● Prompt
From the line containing "parcare , lift" to the line containing "Thumbnail: 2023 Toyota Highlander - 8" in the entries below, reproduce every line exactly, ends included. Nothing else belongs in the copy, and no pictures.

● Task inputs
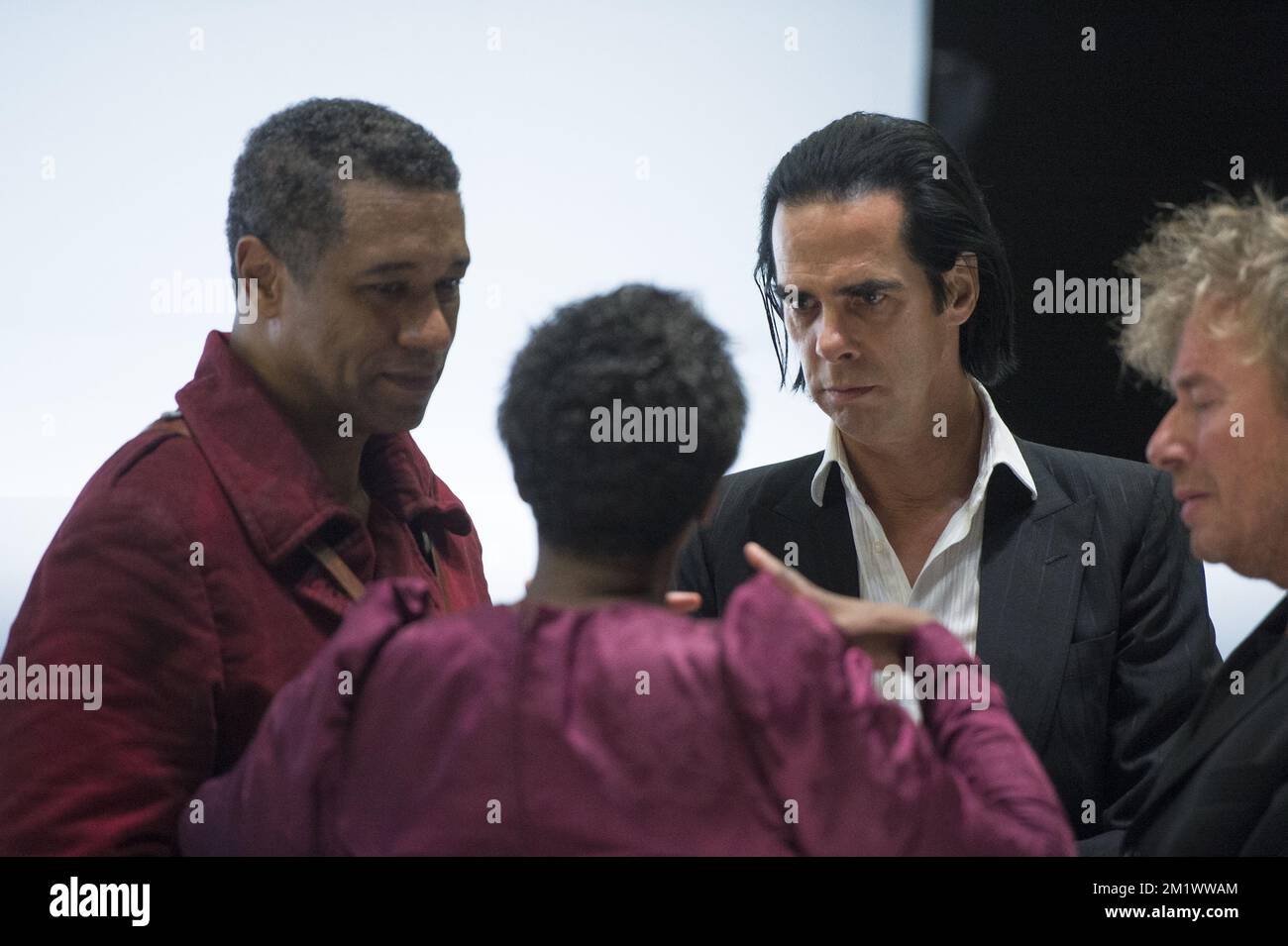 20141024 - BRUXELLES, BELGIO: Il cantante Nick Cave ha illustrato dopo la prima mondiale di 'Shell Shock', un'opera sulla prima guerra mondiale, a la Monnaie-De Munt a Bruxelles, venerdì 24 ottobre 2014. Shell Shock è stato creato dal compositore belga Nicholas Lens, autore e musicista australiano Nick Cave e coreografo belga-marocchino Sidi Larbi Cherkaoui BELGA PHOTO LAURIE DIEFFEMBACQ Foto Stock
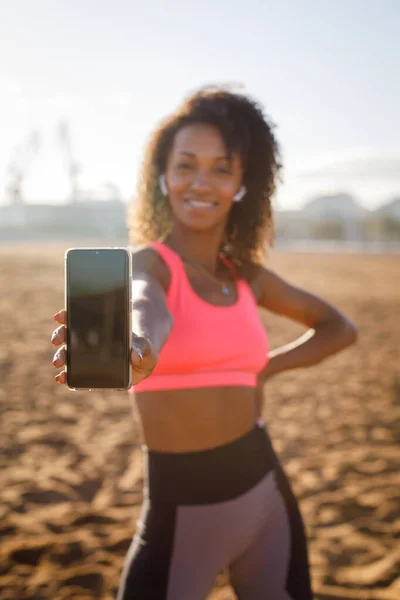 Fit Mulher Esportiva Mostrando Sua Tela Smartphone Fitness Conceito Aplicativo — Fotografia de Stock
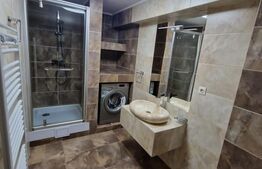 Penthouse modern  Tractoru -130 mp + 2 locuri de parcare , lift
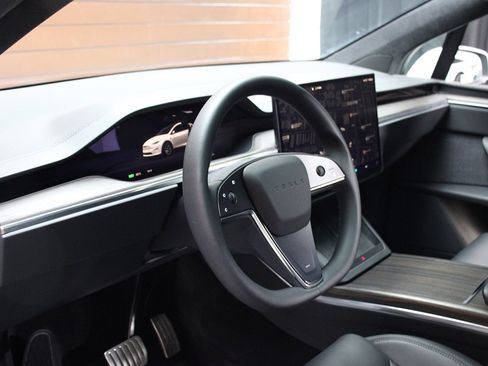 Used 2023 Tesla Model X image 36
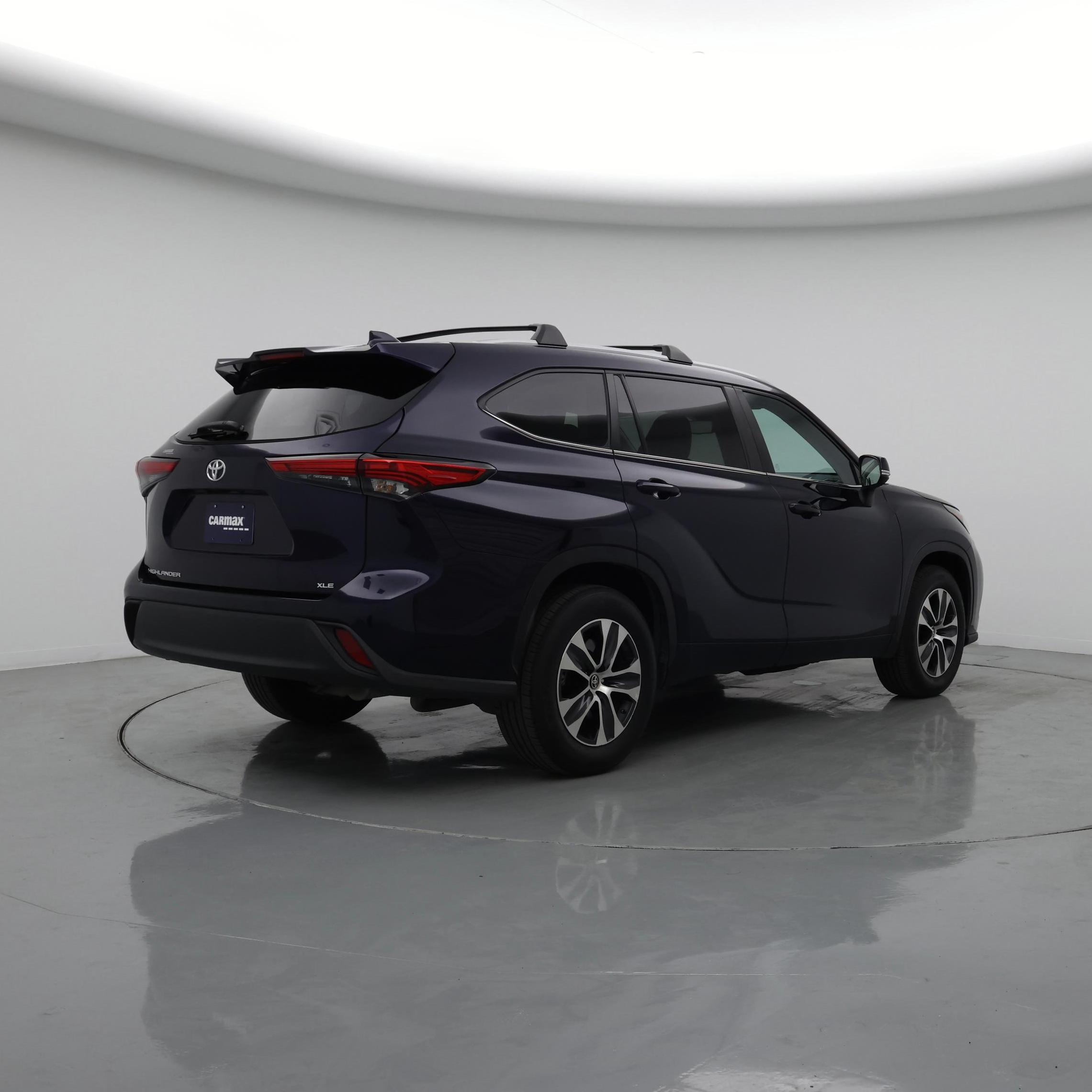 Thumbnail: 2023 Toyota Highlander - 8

==

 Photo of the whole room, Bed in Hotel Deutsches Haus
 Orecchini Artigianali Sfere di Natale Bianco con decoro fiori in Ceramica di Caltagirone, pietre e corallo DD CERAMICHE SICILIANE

● Solution to this problem
 Penthouse modern  Tractoru -130 mp + 2 locuri de parcare , lift
 Used 2023 Tesla Model X image 36
 Thumbnail: 2023 Toyota Highlander - 8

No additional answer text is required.